Sobre a sua partida, há 20 anos ,só sei contextualizar com os versos de “Love In The Afternoon”

“É tão estranho
os bons morrem jovens
assim parece ser
quando me lembro de você
que acabou indo embora
cedo demais”

Força Sempre!
Urbana Legio omnia vincit

(Texto de Emilly Luciana Barbosa)


Hoje faz 20 anos que ele se foi e a pergunta, que fez em 1987, continua sem resposta para mim: que país é esse? A impressão que tenho é que damos um passo pra frente e dois pra trás. Quando menos se espera viver coisas terríveis do passado, estamos de novo emaranhados nos mesmos nós. Renato poeta, Renato profeta. Alguém tão lúcido e tão capaz de traduzir as angústias, anseios e esperanças de toda uma geração. Da sua e das seguintes também, porque o tempo passa, mas o humano permanece.

Renato, tão atual. Tão presente mesmo não estando mais. A arte e sua capacidade de eternizar uma voz, um sentimento. Acredito que nem mesmo ele, que tanto captou e revelou em sua obra todas as facetas do ser humano, imaginaria o que estamos vivenciando hoje. Tempos difíceis e surreais em uma terra que já deveria estar em outro patamar.

Lamento, Renato, mas sua pergunta vai continuar sem resposta. Por quanto tempo ainda não sei. Quisera saber e poder te responder: esse é o país que queremos. Mas tudo indica que ainda estamos distantes disso. Uma pena. 20 anos se passaram e a luz no fim do túnel está bem tênue. Como a esperança também é nossa profissão, vamos seguindo, lutando e tentando não deixar a escuridão tomar conta.
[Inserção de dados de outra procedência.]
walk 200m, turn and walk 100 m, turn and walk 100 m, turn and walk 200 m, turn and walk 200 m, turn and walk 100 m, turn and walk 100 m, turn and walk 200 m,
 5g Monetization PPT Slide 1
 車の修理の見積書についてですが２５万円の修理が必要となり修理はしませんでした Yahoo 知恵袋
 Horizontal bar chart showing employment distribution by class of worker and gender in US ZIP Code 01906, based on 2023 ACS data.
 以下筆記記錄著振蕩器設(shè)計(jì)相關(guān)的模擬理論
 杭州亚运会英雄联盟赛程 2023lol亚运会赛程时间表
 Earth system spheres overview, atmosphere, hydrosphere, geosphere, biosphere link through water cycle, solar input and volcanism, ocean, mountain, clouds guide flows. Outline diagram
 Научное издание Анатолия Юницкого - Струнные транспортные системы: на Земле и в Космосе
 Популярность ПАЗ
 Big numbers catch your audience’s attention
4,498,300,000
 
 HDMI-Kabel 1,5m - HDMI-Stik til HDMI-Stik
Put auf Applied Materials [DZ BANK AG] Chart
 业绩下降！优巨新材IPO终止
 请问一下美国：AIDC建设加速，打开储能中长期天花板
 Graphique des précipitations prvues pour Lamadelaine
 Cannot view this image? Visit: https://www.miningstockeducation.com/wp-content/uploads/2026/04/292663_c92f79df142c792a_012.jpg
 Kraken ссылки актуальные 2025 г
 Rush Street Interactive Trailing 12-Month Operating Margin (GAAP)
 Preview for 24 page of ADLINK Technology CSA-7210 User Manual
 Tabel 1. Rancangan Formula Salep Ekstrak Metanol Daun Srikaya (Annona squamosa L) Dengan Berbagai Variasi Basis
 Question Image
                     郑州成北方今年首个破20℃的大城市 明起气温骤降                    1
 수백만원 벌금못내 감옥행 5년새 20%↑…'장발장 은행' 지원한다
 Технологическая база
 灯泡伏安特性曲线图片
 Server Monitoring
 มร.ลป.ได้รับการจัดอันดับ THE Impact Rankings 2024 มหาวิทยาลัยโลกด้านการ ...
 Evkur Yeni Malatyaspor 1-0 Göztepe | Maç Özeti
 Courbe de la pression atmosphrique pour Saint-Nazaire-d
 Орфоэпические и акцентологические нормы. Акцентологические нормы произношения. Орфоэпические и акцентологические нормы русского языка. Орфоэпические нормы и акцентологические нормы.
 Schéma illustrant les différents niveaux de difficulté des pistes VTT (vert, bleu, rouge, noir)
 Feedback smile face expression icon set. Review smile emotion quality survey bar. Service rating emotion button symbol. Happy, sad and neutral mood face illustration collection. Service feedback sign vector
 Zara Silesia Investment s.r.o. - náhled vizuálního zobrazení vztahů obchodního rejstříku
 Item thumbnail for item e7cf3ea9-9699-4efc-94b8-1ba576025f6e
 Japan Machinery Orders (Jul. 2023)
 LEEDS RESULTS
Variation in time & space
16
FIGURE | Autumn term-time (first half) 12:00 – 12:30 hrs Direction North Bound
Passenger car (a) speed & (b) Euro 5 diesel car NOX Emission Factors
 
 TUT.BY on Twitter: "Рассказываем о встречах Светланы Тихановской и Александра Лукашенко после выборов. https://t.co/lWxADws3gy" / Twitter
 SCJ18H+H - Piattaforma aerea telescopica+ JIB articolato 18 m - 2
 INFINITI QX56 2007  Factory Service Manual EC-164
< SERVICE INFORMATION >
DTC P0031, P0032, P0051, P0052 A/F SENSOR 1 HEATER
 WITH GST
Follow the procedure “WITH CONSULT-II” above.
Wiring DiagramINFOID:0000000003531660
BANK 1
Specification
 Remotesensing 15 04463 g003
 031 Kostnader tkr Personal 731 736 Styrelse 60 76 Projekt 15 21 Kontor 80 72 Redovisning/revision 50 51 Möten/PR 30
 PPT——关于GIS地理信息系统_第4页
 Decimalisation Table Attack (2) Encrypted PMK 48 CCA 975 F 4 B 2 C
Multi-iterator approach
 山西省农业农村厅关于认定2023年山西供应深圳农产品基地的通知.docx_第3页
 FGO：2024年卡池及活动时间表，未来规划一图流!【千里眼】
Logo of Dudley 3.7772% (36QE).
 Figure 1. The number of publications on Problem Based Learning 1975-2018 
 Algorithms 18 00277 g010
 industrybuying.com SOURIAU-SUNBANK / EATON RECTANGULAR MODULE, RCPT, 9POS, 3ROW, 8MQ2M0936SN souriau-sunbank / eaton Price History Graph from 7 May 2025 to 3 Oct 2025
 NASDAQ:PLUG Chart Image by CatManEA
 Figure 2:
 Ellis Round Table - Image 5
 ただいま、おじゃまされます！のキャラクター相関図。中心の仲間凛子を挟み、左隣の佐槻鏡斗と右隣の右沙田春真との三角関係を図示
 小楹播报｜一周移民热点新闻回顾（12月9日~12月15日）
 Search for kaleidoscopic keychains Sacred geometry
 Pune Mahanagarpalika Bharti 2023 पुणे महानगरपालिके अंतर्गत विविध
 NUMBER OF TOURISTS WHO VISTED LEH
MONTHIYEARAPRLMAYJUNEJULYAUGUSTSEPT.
(Texto de Klaudia  Alvarez)


O artista e intérprete de música tem uma rara possibilidade além da característica basilar dessa profissão. Arrastar multidões em grandes shows, distrair o ouvinte no percurso do trabalho, ser trilha sonora de um amor, geralmente é assim que tratamos a música no nosso dia a dia. Mas, de tempos em tempos temos a sorte de surgir Elis Regina, Chico Buarque, Caetano, Renato Russo, Filipe Catto, que assumem um papel social, que vai além do puro entretenimento. Cantar a “Celebração da Estupidez Humana”, a relação de “Pais e Filhos”, elaborar narrativas cheias de significados sociais como “Faroeste Caboclo” talvez seja promover essa arte na essência, que conta um pouco da história do ouvinte, além de contar a história de uma nação. Assumir esse papel é também escrever uma nova história, propondo uma mudança de visão, nos fazendo pensar a respeito de determinadas convicções que podem nos fazer pessoas melhores. Isso fez (e ainda faz) Renato Russo, isso faz Filipe Catto.

(Texto de Mari Almeida)

2 Comments

  1. Parabéns equipe da zine. Sempre gostei da Legião Urbana. Resenhas belíssimas homenageando esse nobre cantor que contribuiu para abrir caminhos à uma sociedade um pouco mais aberta e de certa forma menos preconceituosa.